Last week I put in a used VDO tach and started it and checked to make sure the tach worked. Everything good.

A few days ago my battery is dead, so I decide to jump it with my F250. It just cranks. It's getting fuel, I can smell it at the TBI. What is really irritating is that it has always started the first crank the 1 1/2 years I have owned it. It's uber hot here, so day wrenching is nearly out of the question.

I think I may need to do my plugs/cap/wires, even though they are only a little over a year old. Today the tach shorted out while I was cranking it, it sparked real good.

I checked all the fuses, all good there.

Any help?
 
Just pulled the plugs, they are perfect. I had to come inside for more tools, so now I'm gonna pull the cap from the distributer
 
Fuel pump maybe? Not sure on your truck but on newer ones if it doesn't have enough fuel pressure it will not fire.
 
Go back to the basics. Is the gas old? Normally I would not mention it, but this modern gas can go bad in a month.
If the gas is good, check on the spark.

Since the problems started with the tach, I suspect that is where your problem is.
Most likely it killed your battery. They are prone to do that if they have a problem or are hooked up wrong.
Best guess, is that it damaged your ignition module. Pull a plug wire and see if you have good spark.

If you have good spark, and the gas is spraying good, try cranking it with the pedal held all the way down to put it in flood mode.
 
Remember, it only runs for about 5 seconds after you turn the key on if the motor does not crank.
 
Go back to the basics. Is the gas old? Normally I would not mention it, but this modern gas can go bad in a month.
If the gas is good, check on the spark.

Since the problems started with the tach, I suspect that is where your problem is.
Most likely it killed your battery. They are prone to do that if they have a problem or are hooked up wrong.
Best guess, is that it damaged your ignition module. Pull a plug wire and see if you have good spark.

If you have good spark, and the gas is spraying good, try cranking it with the pedal held all the way down to put it in flood mode.

The gas is old, except the 4 gallons I've put in there trying to figure this thing out. It has just over a 1/4 of a tank in it now.

The battery went because I left the door open while putting in my head light relays and then the tach a few days later. Like I said, it started fine with the tach installed but it wouldn't a week later.

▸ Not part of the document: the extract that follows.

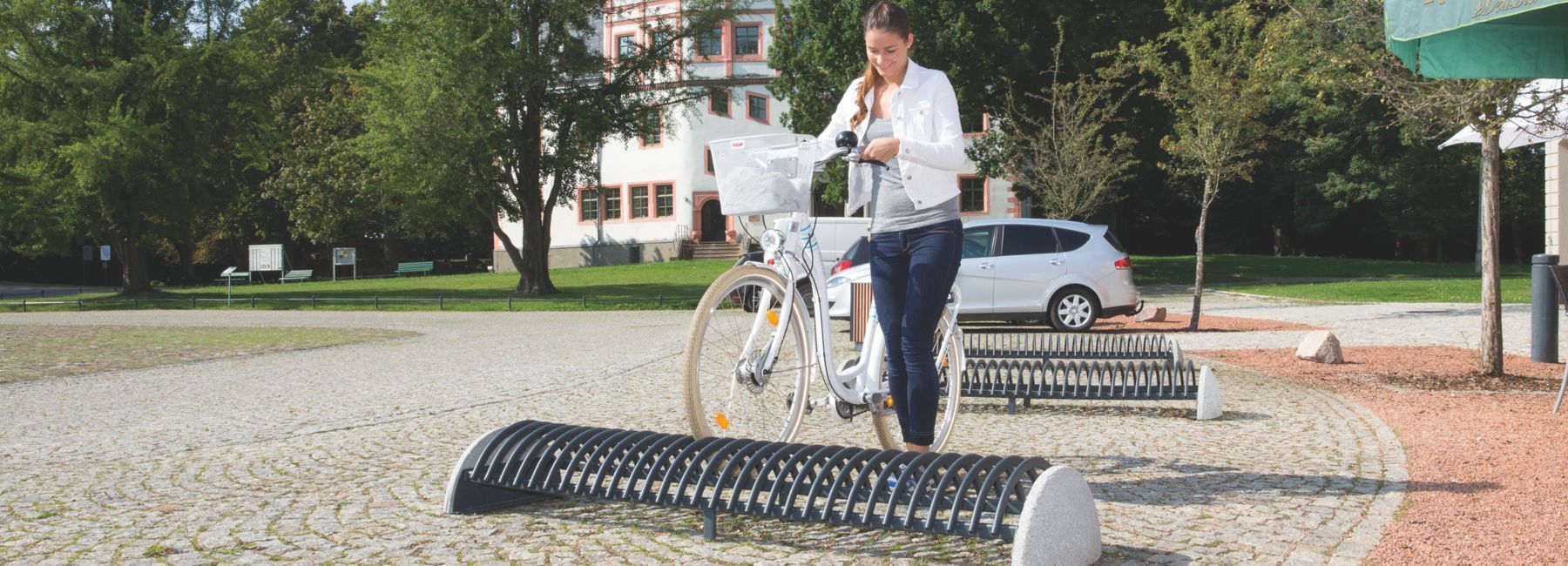 Riccio - parking à vélos droit - city design - acier galvanisé thermolaqué avec piètements en béton ou sur platine_0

I work on this thing alone and all my friends are in Iraq right now, so I have no way to check spark that I know of off hand.

If it is the ignition module, where is that located and how would I check that? Or is it a replace and hope it works type thing? I really don't want to drop the tank.
 
OK, gotta backup and reload.
I assumed a higher level of knowledge. No problem, I just been hanging around with these guys too long.

If the battery is hot, turn off everything that makes noise. If you have any kind of help, take the gas cap off and put your ear next to the hole and let someone turn the ignition on.
If you have no help, make sure its quiet around you and turn the key on and listen.
You should be able to hear the pump run for a few seconds when you first turn the key on.
If you are not sure, turn the key off and back on. You get about a 5 second shot each time.

If you hear the pump, we will assume its good for now.

To check the spark, you will almost certainly need someone to help. There are several ways.
You can pull a sparkplug wire off a plug, stick a screwdriver inside the boot, and lay it so it almost touches the engine.
You should see a nice fat blue spark when the engine spins over.

You could also pull a plug, and lay it on the engine with the wire hooked up and watch for the spark.
If you have a spare plug, use it. If not, there will be a loud whooshing noise from the open spark plug hole.
Don't worry about it.

I have checked for spark by myself before. Its tricky, but you can usually rig something up that you can see under the edge of the hood while in the driver seat.
Helps if its dark.

The ignition module is on the dist., but I'm embarresed to say I have never changed one.
I do more Fords than Chevys.
Have no fear though, there are lots of folks here who can talk you through it.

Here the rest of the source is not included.